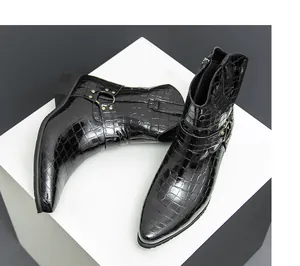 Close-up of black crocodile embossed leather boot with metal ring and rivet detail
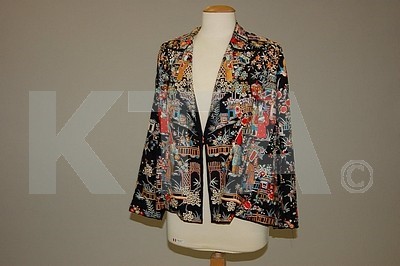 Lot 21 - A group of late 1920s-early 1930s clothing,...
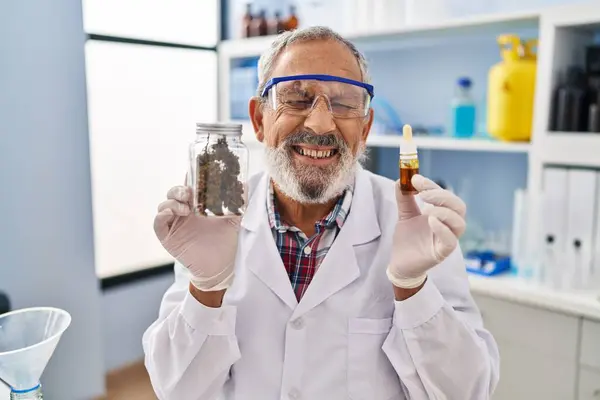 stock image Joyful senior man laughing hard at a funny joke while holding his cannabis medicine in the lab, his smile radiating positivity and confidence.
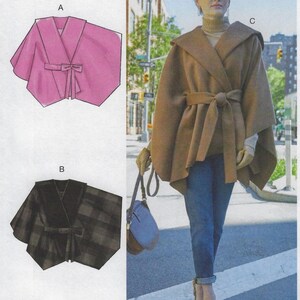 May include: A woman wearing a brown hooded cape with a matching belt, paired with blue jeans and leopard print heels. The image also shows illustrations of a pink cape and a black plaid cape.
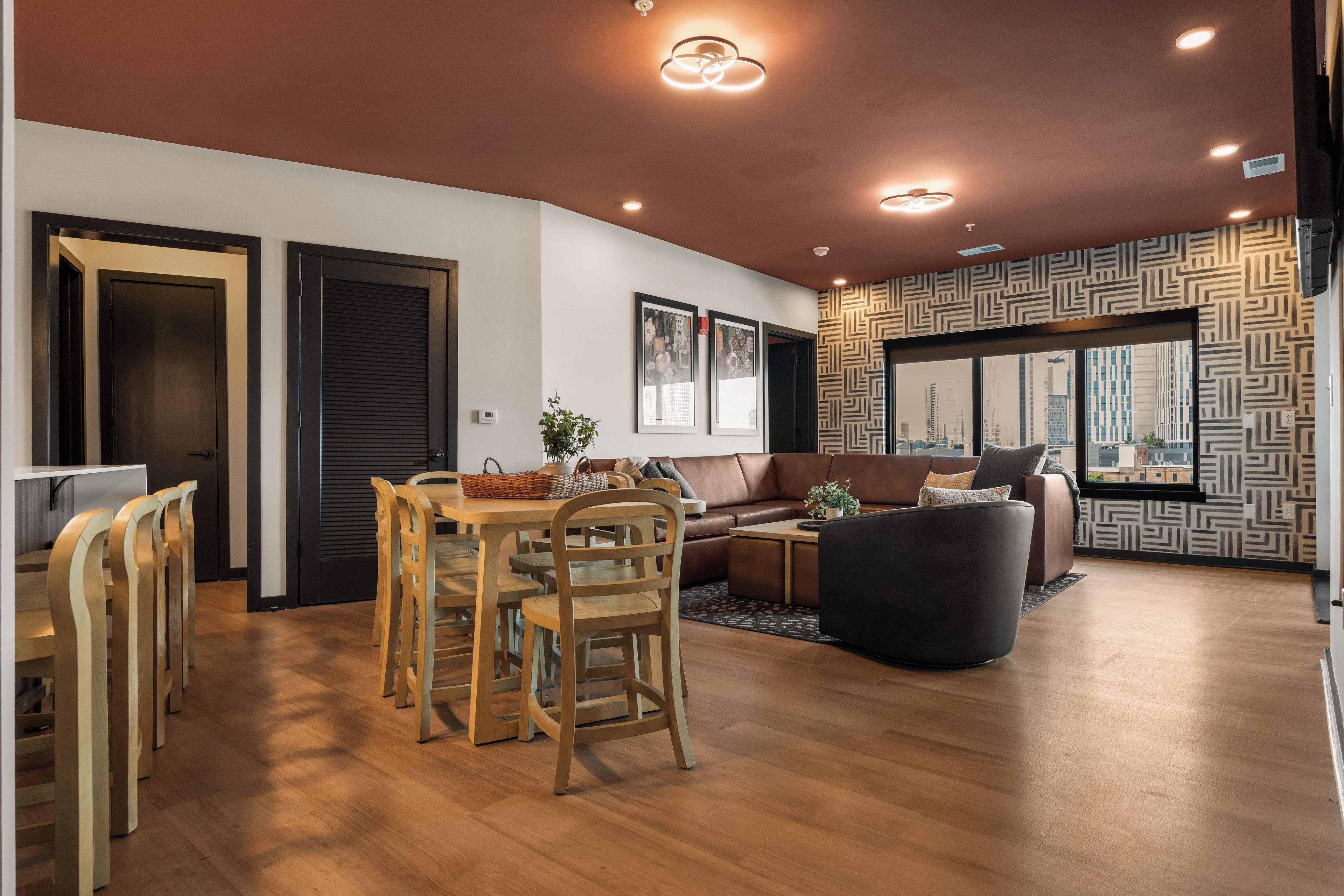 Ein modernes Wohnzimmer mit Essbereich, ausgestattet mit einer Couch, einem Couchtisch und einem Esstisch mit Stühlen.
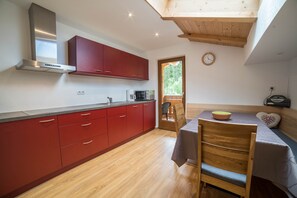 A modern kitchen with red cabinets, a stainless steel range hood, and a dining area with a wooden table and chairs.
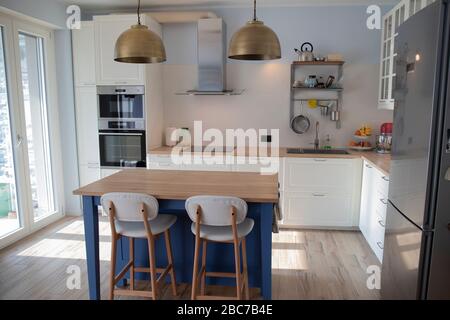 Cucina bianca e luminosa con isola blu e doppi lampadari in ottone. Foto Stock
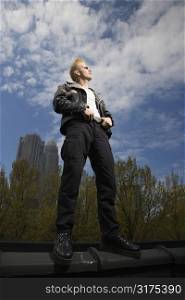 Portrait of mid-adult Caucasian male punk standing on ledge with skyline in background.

──────────

Repeat the data in full, exactly as it stands, but drop every picture.

 Close-up of black crocodile embossed leather boot with metal ring and rivet detail
 Lot 21 - A group of late 1920s-early 1930s clothing,...
 stock image Joyful senior man laughing hard at a funny joke while holding his cannabis medicine in the lab, his smile radiating positivity and confidence.
 May include: A woman wearing a brown hooded cape with a matching belt, paired with blue jeans and leopard print heels. The image also shows illustrations of a pink cape and a black plaid cape.
 Ein modernes Wohnzimmer mit Essbereich, ausgestattet mit einer Couch, einem Couchtisch und einem Esstisch mit Stühlen.
 A modern kitchen with red cabinets, a stainless steel range hood, and a dining area with a wooden table and chairs.
 Cucina bianca e luminosa con isola blu e doppi lampadari in ottone. Foto Stock
 Portrait of mid-adult Caucasian male punk standing on ledge with skyline in background.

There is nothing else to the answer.